Boldt’s illustrations play up the humorous aspect of the story. The expressions on the frogs’ faces are well drawn and convey the emotions they are feeling very clearly. The use of speech bubbles and hand lettering makes for a book that has the feel of a comic book. Combined with the silly story, the illustrations make it even more funny.
Get this in the hands of Mo Willems fans who will completely fall for this loud little frog with big ideas. Appropriate for ages 3-5.
Reviewed from copy received from Doubleday Books for Young Readers.
Geek Girl by Holly Smale
Released January 27, 2015.
This British import is hilarious, geeky and great fun. Harriet Manners knows that she is not a popular person. She shares too many factoids about things, she doesn’t care about fashion to the point that she took wood shop to avoid going to a fashion event, and she even has a list of the people who hate her. So when Nat, her best friend, demands that she come along to the fashion event, Harriet knows that she has to. Nat has dreamed her entire life of being a model, something that Harriet doesn’t even start to understand. She’d much rather be a paleontologist and spend her time watching nature documentaries. But everything goes wrong and it is Harriet who is discovered at the fashion show, and now Harriet starts a series of lies and cover ups to keep both her best friend and her step mother from knowing anything about her being discovered. Modeling is hard when you’ve never walked in heels before, when you don’t know the rules and when you are sitting next to the most gorgeous boy you have ever seen.
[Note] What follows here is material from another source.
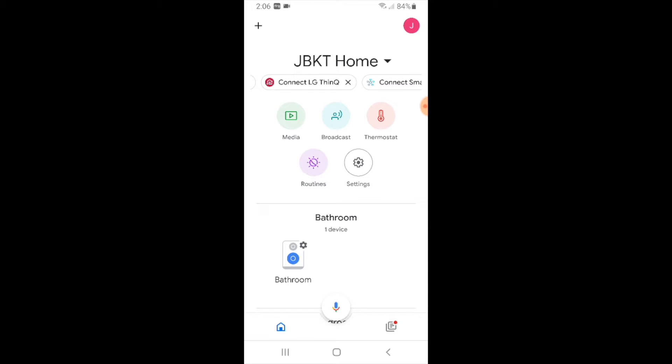So we've done both of those things and now we're ready to add our WeMo to Google Home so we can control it with Google voice commands.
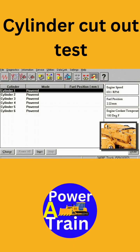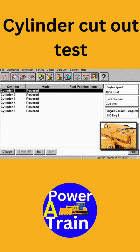The 4-cylinder cutout test begins by the technician setting engine speed to the requirement stated on the ET screen. Once selected, this speed is maintained throughout the test. If it is changed, the test will abort.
Smale has managed to give us a perfect mashup of geek and Next Top Model in this novel. Harriet is an unforgettable heroine, someone who is awkward in the extreme, entirely herself, and uncertain about who she wants to be. She is bullied by a classmate even as she is being discovered as a model. Even as she wants modeling to transform her into someone else, Harriet manages to be a voice for teens who are different, fascinated by facts, think in charts and graphs, and who are different from the rest.
Smale is also deeply funny. Harriet has wonderful asides that reference geeky movies and books. Her father and step mother have the most marvelous arguments, ones that read like a real argument when things stop making sense and have plenty of zinging comments. Best of all, the arguments don’t end their relationship but somehow form a basis for it. The writing throughout is clever and witty, making it a book that is impossible to put down.
The first book in a trilogy, this book came out in the UK in 2013 and was nominated and won several awards. It certainly lives up to the hype with its wit, strong heroine and inherent joy. Appropriate for ages 13-15.
Reviewed from digital galley received from Harper Teen and Edelweiss.